Trump came fresh from abandoning plans to build a second 18-hole golf course as part of his Scottish development when Scotland authorised a nearby offshore wind farm. In a fit of pique, he came to Ireland instead.
Trump first ordered the structure to be built in February 2014. As the lorries arrived and dumped the first of the two-tonne limestone blocks in the public parking lot, council officials and National Parks & Wildlife officers had a confrontation that led to Clare County Council serving a warning letter to Trump.

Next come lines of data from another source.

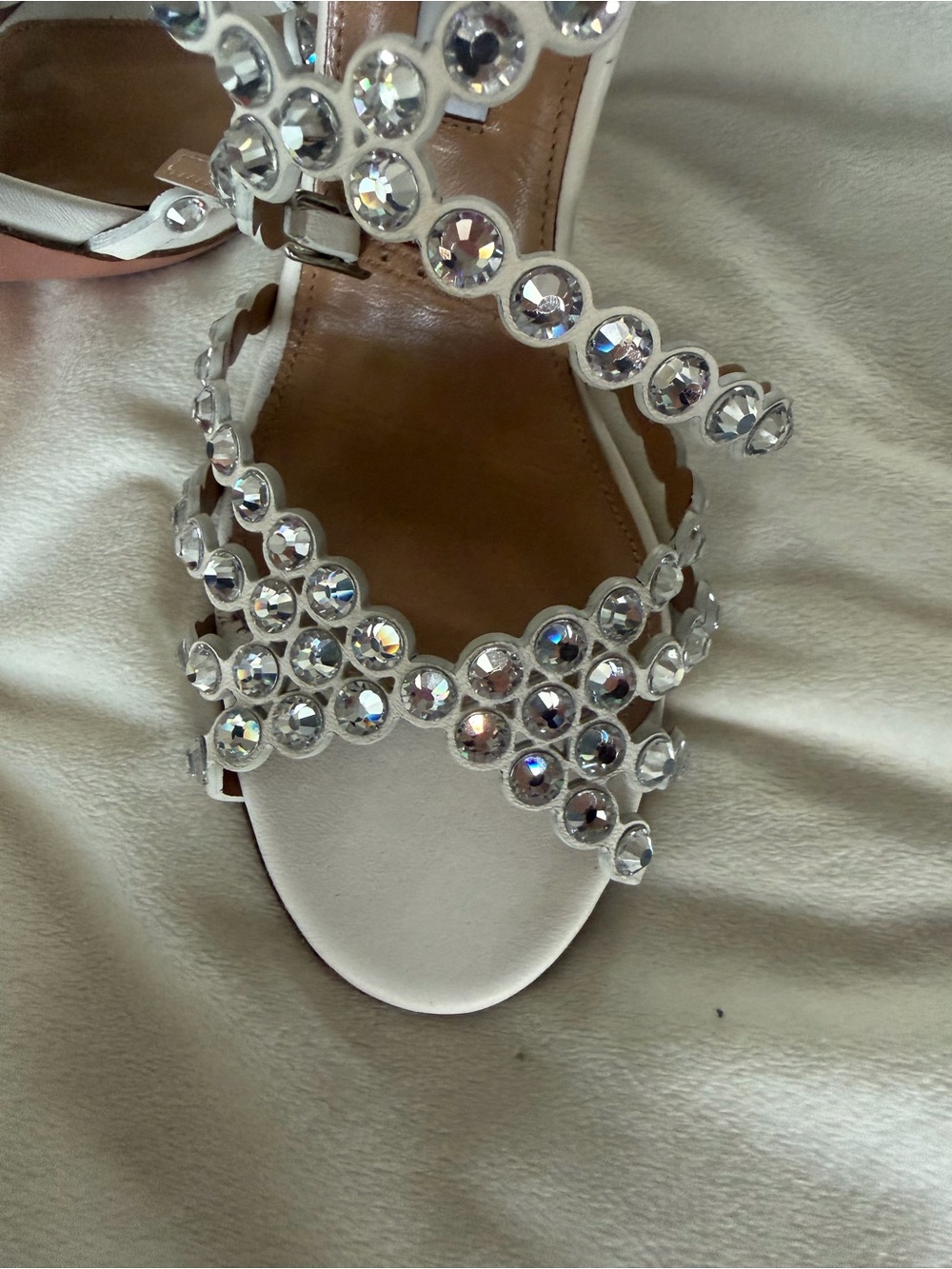 Aquazzura White Crystal-Embellished Strappy Heels - Picture 14 of 14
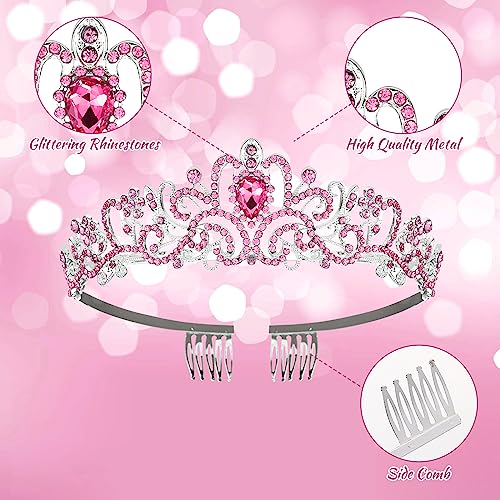 Birthday Girl Sash and Crown Set, Rhinestone Birthday Girl Headband Glitter Princess Birthday Sash And Crowns for Women Happy Birthday Tiara Accessories Favors (pink)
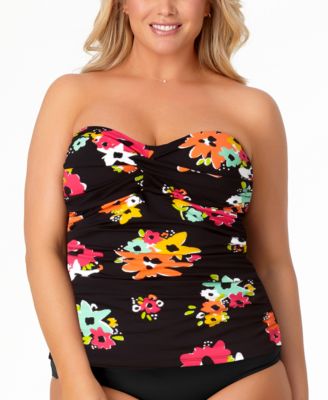 plus size bandeau tankini top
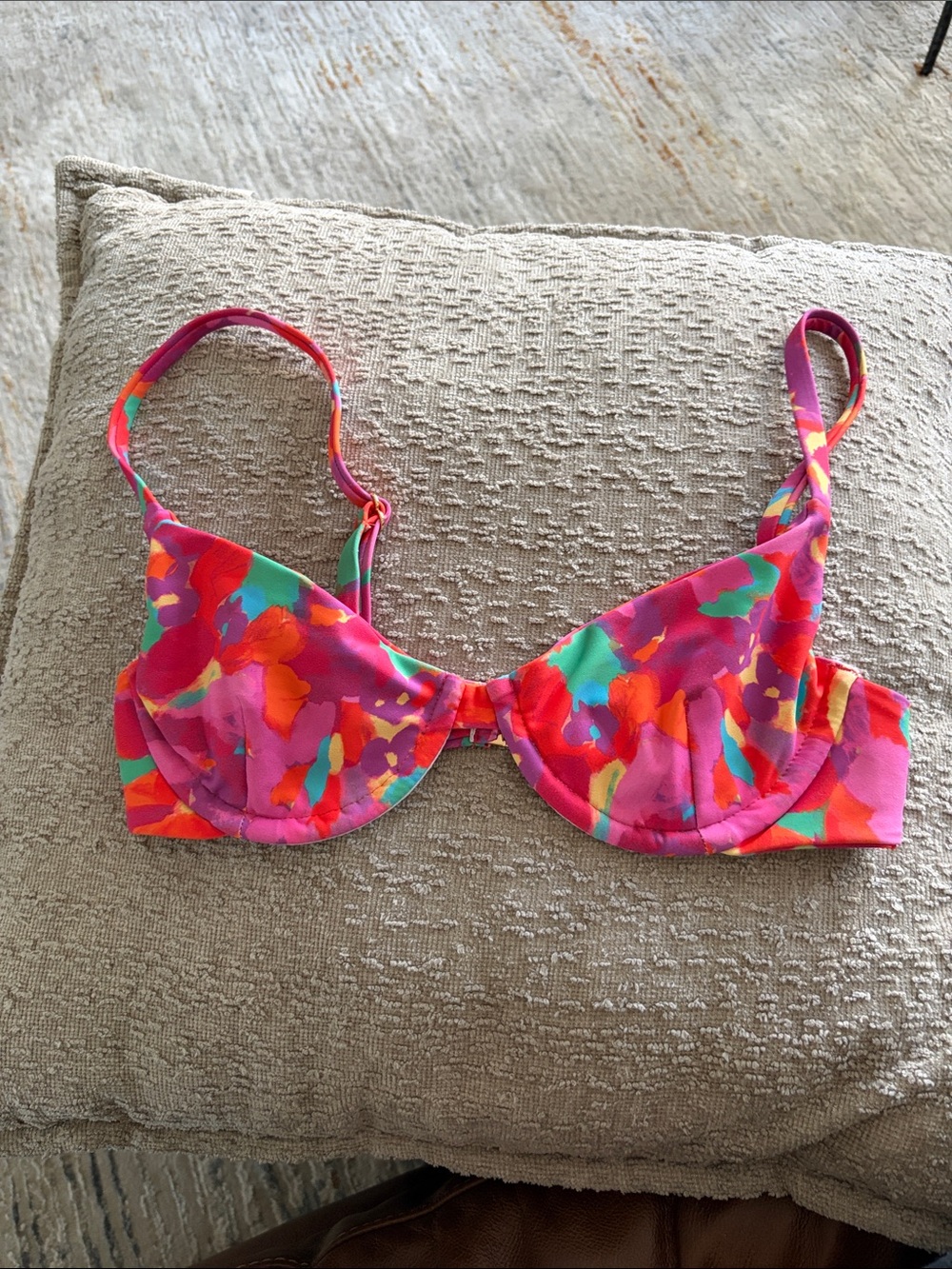Vibrant Pink Multi-Color Underwire Bikini Top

A subsequent letter from Trump’s solicitors to the Council threatened that any obstruction of works “vital to the survival of the business, will force our client to hold you responsible for any resulting damages and/or loss to property, including lost income, business, and the livelihood of our many employees who depend on a fully operational 18-hole facility”.
Trump’s ‘Irish Wall’ (he also plans to build a wall in the United States between Mexico and Texas to keep out immigrants) would kill the dune system which has evolved at Doonbeg over thousands of years, effectively creating a sand box in which JCBs can make a playground for the super-rich.

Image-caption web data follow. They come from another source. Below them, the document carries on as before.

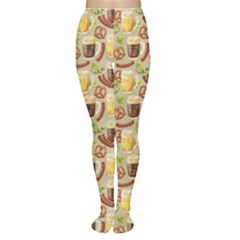 Colorful Glass Mugs Lager Dark Beer Hop Pretzel Sausage Pattern Tights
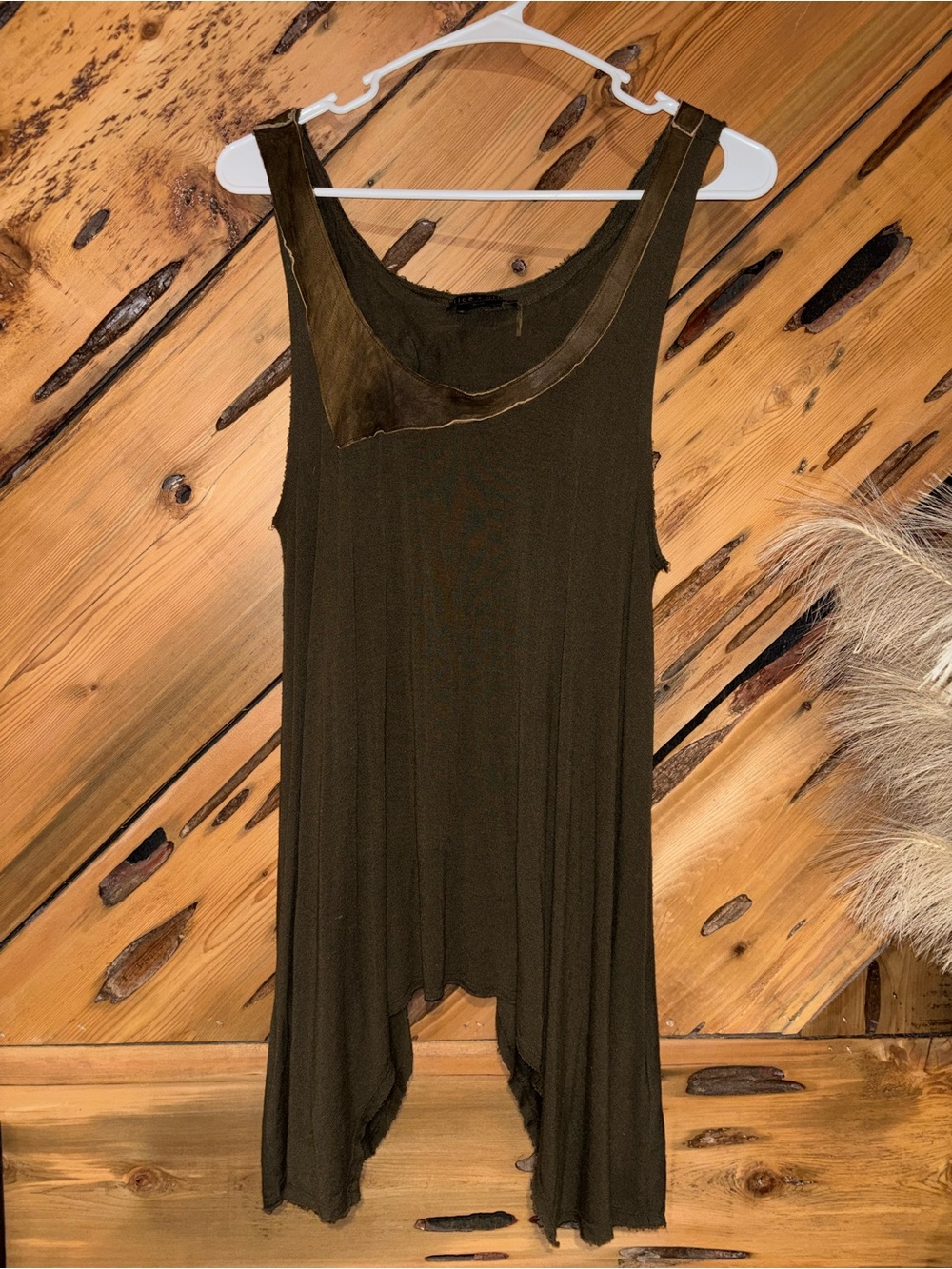 Alice + Olivia Olive Asymmetrical Tank Top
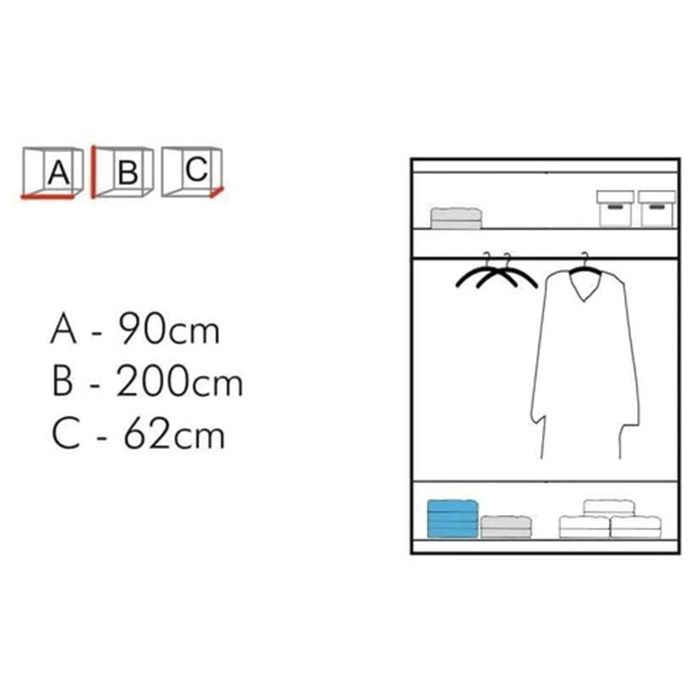 Chicago Mirror Sliding Door 90cm Wardrobe - Wenge 3 Chicago Mirror Sliding Door 90cm Wardrobe - Wenge - Image 3
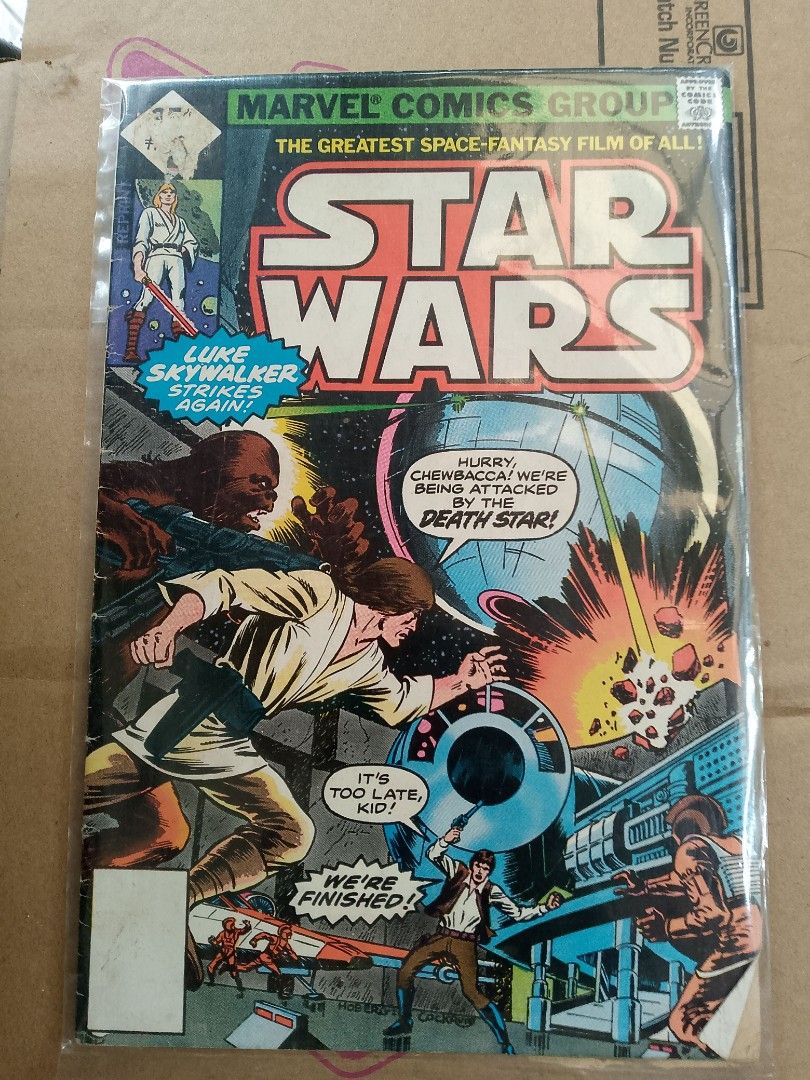 Marvel Star Wars Comic Book issue#5 (Category: Comics & Manga) located in Taguig. Submitted by titus40k (Listing ID 1463612617, Image 1). Description: - Original Marvel Star Wars comic book - Features Luke Skywalker and the Death Star attack - From the original comic run - Perfect for Star Wars fans and collectors whitman blank barcode box fine condition, damage on the upper price tag. what u see what u get.pick up ONLY thru grab/lalamove.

The wall would deflect the storms instead of the dunes absorbing them, scouring the beach through longshore drift. 500,000 tons of sand remain on the beach throughout the year but 700,000 tons shift through the actions of the sea and the seasons. The wall would change the dynamics of the unique ecosystem of shallow reefs and cobble beach that make it one of the finest surfing spots in Ireland.
RTÉ Prime Time (which ominously redacted the presence of the Minister for Finance at the lavish greeting for Trump’s arrival at Shannon Airport previously reported in all the media, including its own news programmes!) reported that there were more than 90 under-bidders at the sale. Some of these were locally based and willing to work with the National Parks & Wildlife Services to develop a course that would work in harmony with one of the last great dune systems on our west coast.
Clare County Council has produced a comprehensive Request for Further Information that raises all the issues, including the Parks & Wildlife Service’s legally-binding ‘Conservation Objectives’ which require that “the natural circulation of sediment and organic matter” must be maintained “without any physical obstructions”.
“Further information is required,” according to the Council letter, “to show how the structure will not form a physical barrier between the beach and the dunes.”
As Trump himself says:
“In the end you are measured not by how much you undertake but by what you finally accomplish.”
For both of Trump’s walls, the courts will probably end up making that call.